A miracle with heart

Three-month-old Jacob Wagner undergoes heart surgery within weeks of his birth

By Schellene Clendenin, Newberg Graphic reporter
E-mail Schellene at sclendenin@eaglenewspapers.com
   Jacob Wagner is a happy, smiling baby who enjoys eating and watching the antics of his big sisters.
   But the 3-month-old wasn’t always so. Were it not for help from doctors, nurses, community members and the church, not to mention God, Julia Wagner doesn’t think Jacob would have made it past his second week of life.
   She calls him her little miracle.
   Jacob was born March 13 and at 9 pounds 14 ounces was a healthy child who was gaining weight daily. When he was 10 days old Julia left Jacob with her mother-in-law and two of his Jacob’s sisters, Elizabeth, 6, and Emily, 3, to take her 5-year-old daughter Dorothy on a mother-daughter outing.
   When she left he looked normal and happy, she said. When she returned, her mother-in-law, Pam Wagner, told Julia that Jacob was not breathing properly.
   “He was gasping for air,” she said. Deb Reber, a nurse in pediatrician Dr. Ken Whittaker’s office, told Julia to bring the baby right over. Sometime during the three-minute drive between her home and Whittaker’s office, Jacob turned blue. As soon as she saw his color, Reber grabbed Jacob and ran him across the street to the Providence Newberg Hospital emergency room. Julia was close on her heels.
   Kathy Shockman, clinical coordinator in the hospital ER, said when Reber arrived at her door with Jacob his condition was grave.
   “He was blue, limp, seemed lifeless and was gasping for breath,” she said. “And he was cold.”
   Shockman said the ER staff began working to get Jacob breathing with the aid of a breathing tube. They also inserted an intravenous line.
   But oxygen and an IV wouldn’t fix Jacob’s problem: he had a heart defect.
   The aorta and pulmonary arteries in Jacob’s heart were transposed. In other words, the valve that pumps blood from the lungs and into the rest of the body was returning blood to the lungs rather than into the body.
   During pregnancy, blood bypasses the lungs through a heart vessel called the ductus arterious. Within two to 10 days after birth, the duct closes and the lungs take over.
   “When the duct closed (Jacob) couldn’t get any oxygen and he began to die,” Julia said. Twenty minutes more and Jacob would not have survived, doctors said.
   Steve Meyers, bishop of a local Mormon church, arrived at Providence before Paul Wagner, Jacob’s father. He waited with the family and prayed. Coincidentally Meyers’ daughter was diagnosed with the same condition when she was a baby, so Meyers was confident Jacob would survive.
   “We believe the Lord’s hand inspired the doctors to know what to do and when to do it,” Meyers said.
   But Jacob wasn’t improving, despite round-the-clock care from ER physicians and nurses. A pediatric medical team from Legacy Emanuel Hospital was called in to help. In critical condition, Jacob was soon transported by Life Flight helicopter to the Portland hospital.

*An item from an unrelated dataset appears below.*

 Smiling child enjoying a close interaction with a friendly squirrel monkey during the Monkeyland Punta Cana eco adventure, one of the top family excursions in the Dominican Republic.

   Jacob’s parents arrived in Portland to find the intensive care unit (ICU) closed so cardiologist Marc LeGras could perform a balloon atrial septostomy on Jacob’s heart. There was no time to prepare a room for the surgery.

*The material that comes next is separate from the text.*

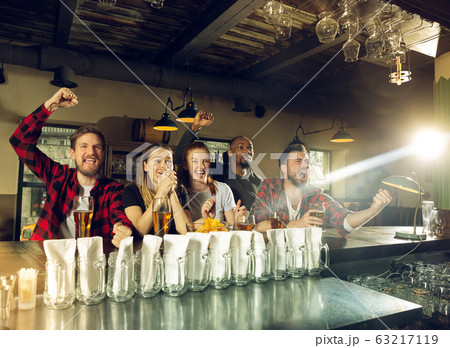 Sport fans cheering at bar, pub and drinking beer while championship, competition is going 63217119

   “That was pretty scary,” Paula Wagner said.
   LeGras told Julia the procedure involved putting a hole in in the wall of Jacob’s heart to allow the blood to mix and provide him with oxygen.

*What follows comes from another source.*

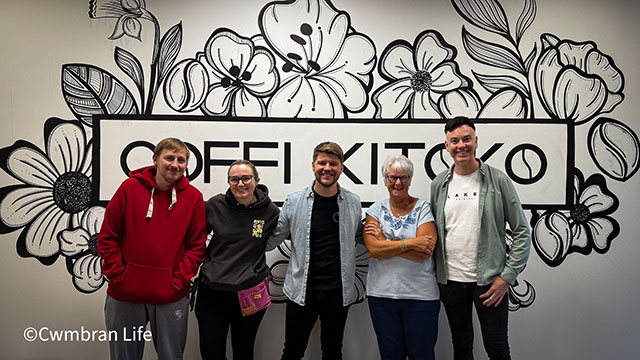 five people stood in front of a sign that says Coffi Kitoko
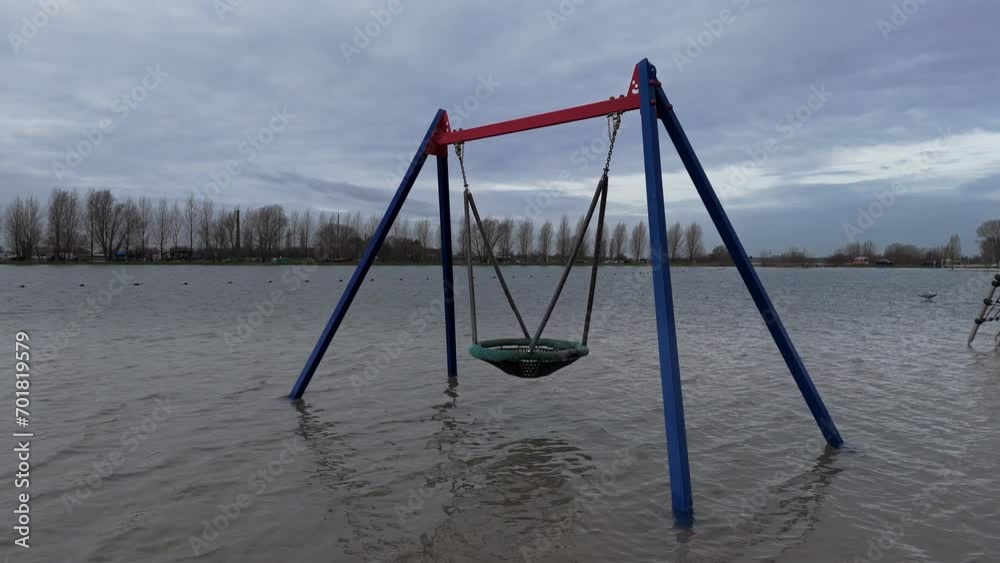 Swings in Submersion: Riverside Playground Submerged by the Lek River Swings in Submersion: Riverside Playground Submerged by the Lek River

   After surgery on Easter Sunday, Jacob spent two weeks in the ICU, then was sent home April 14 from the pediatrics ward. The family carried along a brightly-colored blanket donated by the Four Corners Society of the Mormon church in Salem.
   “We were receiving support from people we didn’t even know,” Julia Wagner said.
   She added that people from every denomination prayed for Jacob. Meyers said the congregation dedicated it’s weekly prayers and fasting to Jacob’s recovery.
   Church members helped care for Jacob’s sisters, provided a food card so Paul Wagner could eat during the hospital stay and purchased toiletries for Jacob’s parents to make them more comfortable while at the hospital.
   “(Jacob is) doing fabulous now, the surgery was successful,” Julia Wagner said, her voice wavering. “I get a little emotional about all this.”